Zaporizhzhia (Ukraine) (AFP) - UN inspectors will be "staying" at a Russian-held nuclear plant in southern Ukraine, its head said Thursday after their first visit to the facility following a risky journey across the frontline despite early-morning shelling of the area.
Wearing bright blue flak jackets and helmets, the 14-strong team crossed into Russian-held territory, reaching the facility around 1200 GMT with the International Atomic Energy Agency chief describing it as a productive first visit.
"Today we were able, in these few hours, to gather a lot of information," Rafael Grossi told reporters outside the plant.
"The key things I needed to see I saw, and their explanations were very clear."
After the inspection, in a video released by the Russian RIA Novosti news agency, Grossi said: "We have achieved something very important today and the important thing is the IAEA is staying here."
Despite a dawn shelling attack on the area that forced the closure of one of its six reactors, the team vowed to press ahead with their risky mission to reach Europe's biggest nuclear facility which is located on the frontlines of the fighting.
Energoatom, Ukraine's nuclear agency, said it was "the second time in 10 days" that Russian shelling had forced the closure of a reactor.
It said the plant's emergency protection system kicked in shortly before 5:00 am (0200 GMT), shutting reactor five, "due to another (Russian) mortar shelling" and that a backup power supply "was damaged" in the attack.
The area around the plant, which lies on the southern banks of the Dnipro River, has suffered repeated shelling, with both sides blaming the other, sparking global concern over the risk of an accident.
'Stop playing with fire'
"It is high time to stop playing with fire and instead take concrete measures to protect this facility...from any military operations," ICRC chief Robert Mardini told reporters in Kyiv, warning the consequences of hitting the plant could be "catastrophic".
"The slightest miscalculation could trigger devastation that we will regret for decades."
After Russian forces seized the plant on March 4, Energoatom shut two reactors, followed by a third after shelling on August 5. With a fourth in repairs, Thursday's incident leaves only one of the six reactors working.
Mardini said it was "encouraging" the IAEA team was inspecting the plant because the stakes were "immense".
"When hazardous sites become battlegrounds, the consequences for millions of people and the environment can be catastrophic and last many years," he said.
On leaving Zaporizhzhia, Grossi said his team would be travelling through areas where "the risks are significant" but had decided to go ahead anyway.
"We have to proceed with this.We have a very important mission to accomplish."
Shelling and saboteurs
The town of Energodar next to the plant came under sustained attack at dawn, with Russian troops firing "mortars and using automatic weapons and rockets", its mayor Dmytro Orlov said.
But Moscow accused Kyiv of smuggling in up to 60 military "saboteurs" who reached the area near the plant at dawn, prompting Russian troops to take "measures to annihilate the enemy".
Ukraine has accused Russia of deploying hundreds of soldiers and storing ammunition at the plant.

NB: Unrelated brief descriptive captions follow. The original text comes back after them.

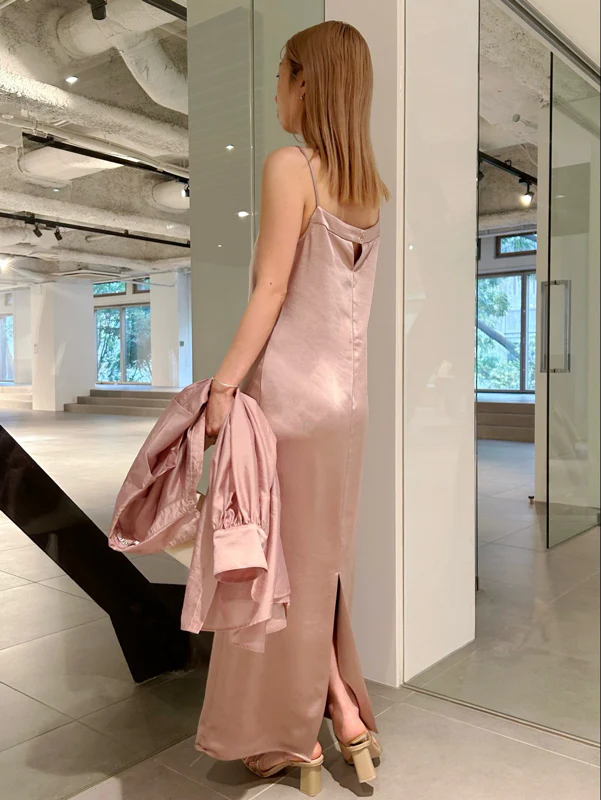 Cami Satin Slip Dress - Image 14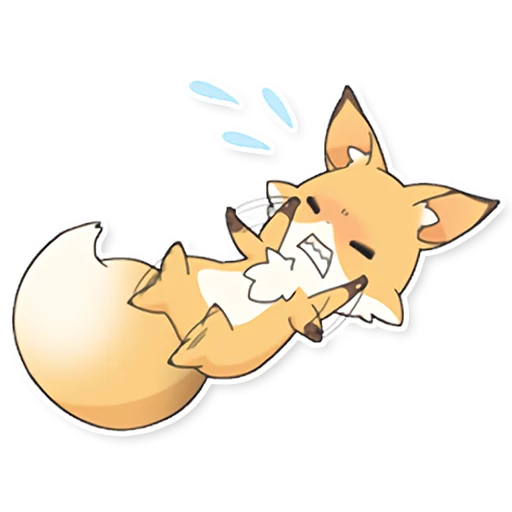 😤 Стикер «Girly Fox Remastered» для Telegram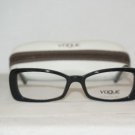 Brand New Vogue Shiny Black Eyeglasses: Mod. 2692 (W44) 49-16 & Case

Kyiv also suspects Moscow intends to divert power from the plant to the nearby Crimean peninsula, which was annexed by Russia in 2014 -- a view held by other international figures.
"Clearly the objective of the Russians...is they want to unplug (the plant) from the Ukrainian grid and plug it into the Russian grid," said outgoing British premier Boris Johnson, who steps down on September 6.

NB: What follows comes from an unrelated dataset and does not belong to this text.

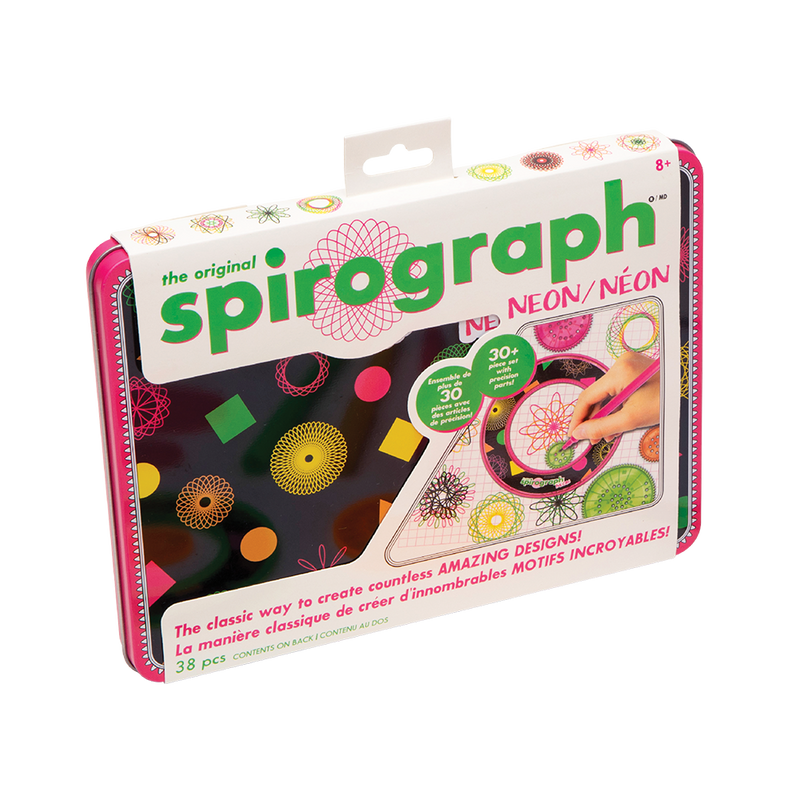 The Original Spirograph Neon Tin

Meanwhile, Ukrainian troops pressed ahead with a counter-offensive in the nearby region of Kherson to retake areas seized by Russia at the start of the invasion.
In its morning update, the presidency said "heavy explosions continued for the last 24 hours" across Kherson, while five people were killed and 12 others wounded in the eastern Donetsk region.
Back-to-school with gunfire soundtrack
Despite the conflict, now in its seventh month, September 1 marked the start of a new school year for children across Ukraine.
In the southern Mykolaiv region, that meant children were back in front of screens for online classes as all school attendance was cancelled due to the ongoing fighting.
On her first day back, nine-year-old Antonina Sidorenko, who lives in a hamlet near the frontline, was doing her online lessons with the distant crackle of gunfire in the background.
"I'm happy to be back at school but I would be even happier if there was no war because I miss my teacher and my friends," she told AFP, saying her best friend had fled to Poland.
Updated figures from Ukraine's education ministry show more than 2,400 educational institutions have been damaged in the fighting, with 270 completely destroyed.
Just over half of the 23,000 institutions surveyed by the ministry are equipped with bomb shelters, meaning they can physically reopen, while those without will only offer online learning.
But in Kharkiv, Ukraine's second city, all learning will be online due to constant shelling, the mayor said last month, with a British charity charging Thursday that dozens of its schools had been "targeted".
An investigation by the Centre for Information Resilience found 41 institutions had been "partially or completely destroyed" with the shelling "targeted, rather than a by-product of indiscriminate attacks on civilian infrastructure".